_PROBLEM TO WORK ON_
Could you copy the whole listing below exactly as written?

_RECORDED INFORMATION_
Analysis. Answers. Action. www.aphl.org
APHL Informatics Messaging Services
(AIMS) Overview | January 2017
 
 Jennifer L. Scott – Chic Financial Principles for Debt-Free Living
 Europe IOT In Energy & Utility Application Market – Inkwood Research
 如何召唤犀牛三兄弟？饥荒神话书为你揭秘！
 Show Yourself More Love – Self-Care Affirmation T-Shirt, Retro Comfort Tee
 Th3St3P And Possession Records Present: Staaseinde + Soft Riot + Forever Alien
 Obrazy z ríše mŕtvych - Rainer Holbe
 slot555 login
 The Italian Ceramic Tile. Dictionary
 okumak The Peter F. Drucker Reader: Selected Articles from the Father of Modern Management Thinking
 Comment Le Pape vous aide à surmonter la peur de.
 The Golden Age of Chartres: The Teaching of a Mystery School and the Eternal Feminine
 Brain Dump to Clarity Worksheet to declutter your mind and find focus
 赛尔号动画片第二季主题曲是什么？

_ANSWER SECTION_
Analysis. Answers. Action. www.aphl.org
APHL Informatics Messaging Services
(AIMS) Overview | January 2017
 
 Jennifer L. Scott – Chic Financial Principles for Debt-Free Living
 Europe IOT In Energy & Utility Application Market – Inkwood Research
 如何召唤犀牛三兄弟？饥荒神话书为你揭秘！
 Show Yourself More Love – Self-Care Affirmation T-Shirt, Retro Comfort Tee
 Th3St3P And Possession Records Present: Staaseinde + Soft Riot + Forever Alien
 Obrazy z ríše mŕtvych - Rainer Holbe
 slot555 login
 The Italian Ceramic Tile. Dictionary
 okumak The Peter F. Drucker Reader: Selected Articles from the Father of Modern Management Thinking
 Comment Le Pape vous aide à surmonter la peur de.
 The Golden Age of Chartres: The Teaching of a Mystery School and the Eternal Feminine
 Brain Dump to Clarity Worksheet to declutter your mind and find focus
 赛尔号动画片第二季主题曲是什么？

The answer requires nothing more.